Sizlere şu meşhur stablecoin olayını anlatmam lazım. Çünkü sadece kripto para alanı değil bildiğin geleneksel finans ve teknoloji devlerini de tamamen bu olaya odaklanmış durumda. Son bombanın adresi bu kez Hong Kong. 1 Ağustos’ta yeni bir Stablecoin Yönetmeliği başlıyor ve ortalık resmen savaş alanına dönmüş. Herkes lisans kapmak için birbirini yiyor. Piyasanın geleceği yeniden şekilleniyor. Tabii bu arada dünyayı değiştirecek diyen abartılı tiplerle, bir dakika, o iş öyle değil diyen gerçekçi analistler de fena kapışıyor.
Stablecoin’ler için lisans başvuruları alınmaya başlayacak
Weixin trafından 7 Temmuz 2025 tarihinde web sayfasında belirtildiğine göre Hong Kong’un finansal düzenleme kurumu yakında lisans başvurularını almaya başlayacak. Başvuranlara bir baksana: Çinli devler, internet şirketleri, liste uzayıp gidiyor. JD, Standard Chartered, Yuan Coin gibi baba isimlerin yanı sıra başvuru hazırlığı yapanların sayısı 40’ı geçmiş durumda.

Sektörden gelen duyumlara göre, başvuruların çoğu çoktan danışmanlık falan almaya başlamış bile. Ama işin ilginç yanı, verilecek lisans sayısının şimdilik tek haneli, yani 10’dan az olması bekleniyormuş. Anlayacağın, küçük ve orta ölçekli şirketlerin şansı neredeyse sıfır deniyor.
Talep çok büyük
Hong Kong’da stablecoin lisansı için talep o kadar büyük ki. JD Coin Chain, Yuan Coin, Standard Chartered’ın başını çektiği konsorsiyum, Ant Financial gibi devler hem hazırlıkta hem de kamuoyunda bir adım önde görünüyor. Kripto para saklama şirketi Cobo’dan Alex Zuo diye bir yönetici, başvuranların sayısının 40’ı aştığını ve çoğunun da bu dev finans ve internet kurumları olduğunu söylüyor.
İşin içine tedarik zinciriyle bağlantılı bazı büyük Çinli şirketlerin bile girdiği ve sırf bu iş için harıl harıl Blockchain uzmanlarını işe aldığı konuşuluyor.

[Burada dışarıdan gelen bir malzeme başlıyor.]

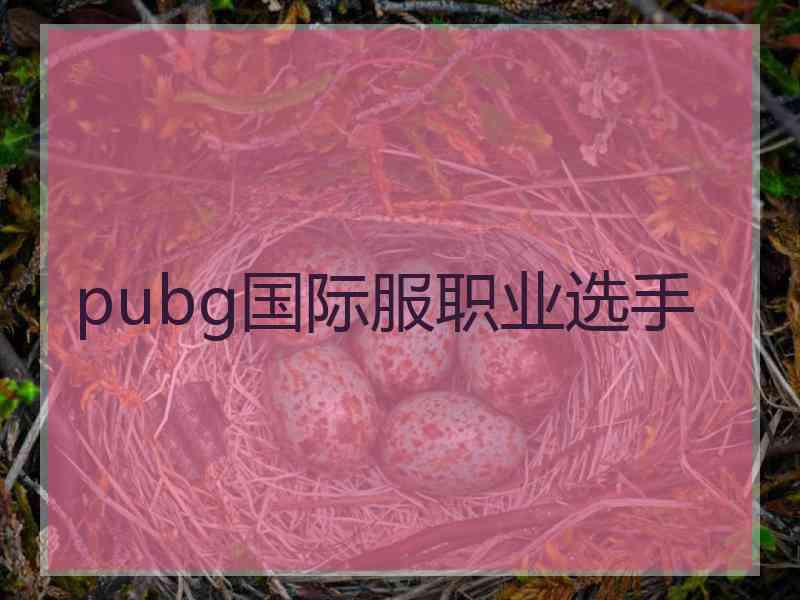 pubg国际服职业选手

Tabii bir de işin komik tarafı var. Sırf hisselerini şişirmek ve dikkat çekmek için biz de stablecoin işine girdik diye duyuru yapan küçük şirketler de türemiş. Ama bunların pratikte lisans alıp bir ürün ortaya koyması falan hayal gibi duruyor.
Teknolojiyle finans kesişiyor
Stablecoin işi teknolojiyle finansın tam kesişim noktasında olduğu için geleneksel Web2 ödeme şirketleriyle bizim bildiğimiz Web3 kripto dünyası arasında dağlar kadar fark var. Uzmanlar diyor ki, bu iki disiplini, düzenlemeleri ve teknik altyapıyı bir arada yönetemeyen şirketlerin ayakta kalması çok zor.

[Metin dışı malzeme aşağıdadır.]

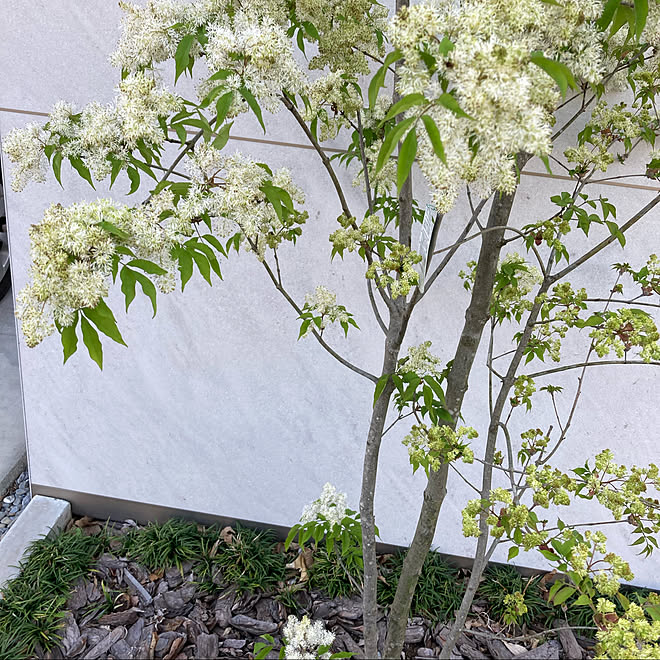 アオダモの花 アオダモ シンボルツリー 癒し 玄関 入り口のインテリア実例 22 04 09 36 25 Roomclip ルームクリップ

Özellikle zincir soyutlama gibi yeni teknolojiler olmadan geleneksel kurumların stablecoin transferi yapması halen çok meşakkatli bir iş. Bir de sınır ötesi ödemelerde devrim yaratacak deniyor ya, o konu da biraz tartışmalı. Uzmanlar düşük işlem ücreti ve hız gibi görünen avantajların arkasında regülasyon, kur farkı, gas ücreti, kimlik doğrulama (KYC/AML) süreçleri derken toplamda %1’e yaklaşan gizli maliyetler olduğunu söylüyor.
Gerçeklerle söylemleri ayırt etmek gerekiyor
Son zamanlarda ortalıkta stablecoin’ler uluslararası para sistemini kökten değiştirecek, fiat para düzenini yıkacak gibi abartılı laflar dönüyor. Ama hem sahadaki gerçekler hem de araştırmacıların analizleri bu görüşlerin çoğunun aşırı iyimser olduğunu gösteriyor. Aslında stablecoin’ler, bildiğimiz egemen para birimlerinin işlevlerinin zincir üzerindeki bir uzantısından başka bir şey değil. Hatta Uluslararası Ödemeler Bankası (BIS) bile raporlarında stablecoin’lerin halen esneklik ve bütünlük gibi konularda sıkıntı yaşadığını bu yüzden de yeni para sisteminin temeli olmaktan çok uzak olduklarını söylüyor.
Yine de hakkını yemeyelim. Bu teknolojinin yasal paraların daha verimli kullanılmasına, sınır ötesi ticarete ve bölgesel iş birliklerine önemli katkılar sunacağı kesin. Konuşulan o ki, Çin de offshore RMB (Çin yuanı) stablecoin’i için önce Hong Kong’u bir test alanı olarak kullanacak. Uzun vadede ise dijital RMB ile birlikte burayı uluslararası bir finans merkezi yapma vizyonunu destekleyecek.